ChartifyText: Automated Chart Generation from Data-Involved Texts via LLM

Text documents with numerical values involved are widely used in various applications such as scientific research, economy, public health and journalism. However, it is difficult for readers to quickly interpret such data-involved texts and gain deep insights. To fill this research gap, this work aims to automatically generate charts to accurately convey the underlying data and ideas to readers, which is essentially a challenging task. The challenges originate from text ambiguities, intrinsic sparsity and uncertainty of data in text documents, and subjective sentiment differences. Specifically, we propose ChartifyText, a novel fully-automated approach that leverages Large Language Models (LLMs) to convert complex data-involved texts to expressive charts. It consists of two major modules: tabular data inference and expressive chart generation.
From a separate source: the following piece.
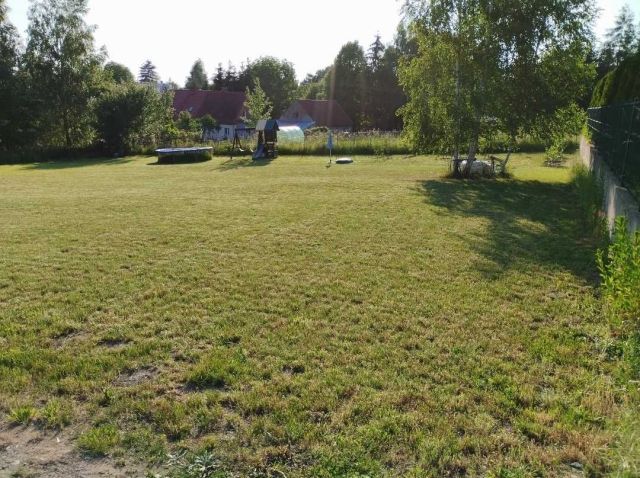 Działka budowlana Nowina. Zdjęcie 1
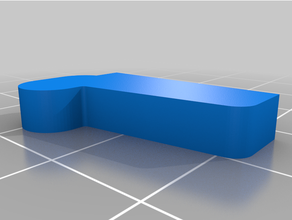 ender 5 filament sensor creality pus 3d print model - Mito3D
The tabular data inference module employs systematic prompt engineering to guide the LLM (e.g., GPT-4) to infer table data, where data ranges, uncertainties, missing data values and corresponding subjective sentiments are explicitly considered. The expressive chart generation module augments standard charts with intuitive visual encodings and concise texts to accurately convey the underlying data and insights. We extensively evaluate the effectiveness of ChartifyText on real-world data-involved text documents through case studies, in-depth interviews with three visualization experts, and a carefully-designed user study with 15 participants. The results demonstrate the usefulness and effectiveness of ChartifyText in helping readers efficiently and effectively make sense of data-involved texts.

翻译：涉及数值的文本文档广泛应用于科学研究、经济、公共卫生和新闻等各个领域。然而，读者往往难以快速解读此类包含数据的文本并获取深层洞见。为填补这一研究空白，本文旨在自动生成图表以准确传达底层数据与观点给读者，这本质上是一项具有挑战性的任务。挑战主要源于文本歧义性、文档中数据固有的稀疏性与不确定性，以及主观情感差异。具体而言，我们提出了ChartifyText——一种利用大语言模型（LLMs）将复杂数据文本转换为表达性图表的全自动新方法。该方法包含两个核心模块：表格数据推断与表达性图表生成。表格数据推断模块采用系统化的提示工程引导LLM（如GPT-4）推断表格数据，其中明确考虑了数据范围、不确定性、缺失数据值及对应的主观情感。表达性图表生成模块通过直观的可视化编码与精炼文本增强标准图表，以准确传达底层数据与洞察。我们通过真实世界数据文本的案例研究、与三位可视化专家的深度访谈，以及包含15名参与者的精心设计用户研究，对ChartifyText的有效性进行了全面评估。结果证明了ChartifyText在帮助读者高效、准确地理解数据文本方面的实用性与有效性。